Savannah Morning News, January 26, 2014

Commentary: Don't let snake rattles in Georgia go silent
By Collette Adkins Giese

One of the enduring memories for anyone who ventures out to Whigham in southwest Georgia this weekend for the state’s last-remaining annual rattlesnake roundup is likely to be of how few snakes they’ll see.

The days when hundreds and hundreds of rattlers would be put on display are long gone.

Some of those who still support the roundups contend the decline has been caused by a variety of factors, including shorter snake-hunting seasons and the fact that fewer people are participating in the hunts.

What they won’t mention is that eastern diamondback rattlesnake populations are fast disappearing from the Southeast due to decades of over-collection and destruction of all but about 3 percent of the snake’s traditional longleaf pine habitat.

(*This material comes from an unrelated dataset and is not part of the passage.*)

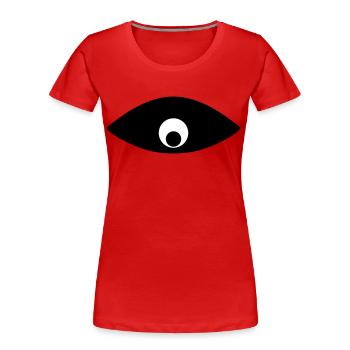 Auge beobachtet dich - Frauen Premium Bio T-Shirt - Rot - Vorne - Mia (176cm)
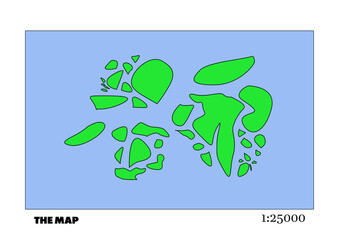 Fictional map of the world with green continents, blue ocean. Art map for banner, poster, print, cover or wall decoration. Imaginary world.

Despite assertions by many snake hunters that the populations are doing just fine, all the best scientific evidence in recent years suggests quite the opposite.

Even at the Southeast’s remaining rattlesnake roundups, the evidence of decline is mounting. The size and numbers of eastern diamondback rattlesnakes targeted by four rattlesnake roundups over the last 25 years reflects a steady decline in the weights of even the prize-winning snakes, according to research by rattlesnake expert, Dr. Bruce Means.

Means also analyzed 50 years of data for the longest running roundups and found the total number of captured rattlesnakes declined by 67 percent in the last two decades.

Rattlesnakes are also declining due to unbridled agricultural and urban development. Remaining habitat supporting large populations of eastern diamondbacks is now located only in northern Florida and southern Georgia. The species is likely gone from Louisiana, endangered in North Carolina, and scarce in South Carolina, Alabama and Mississippi.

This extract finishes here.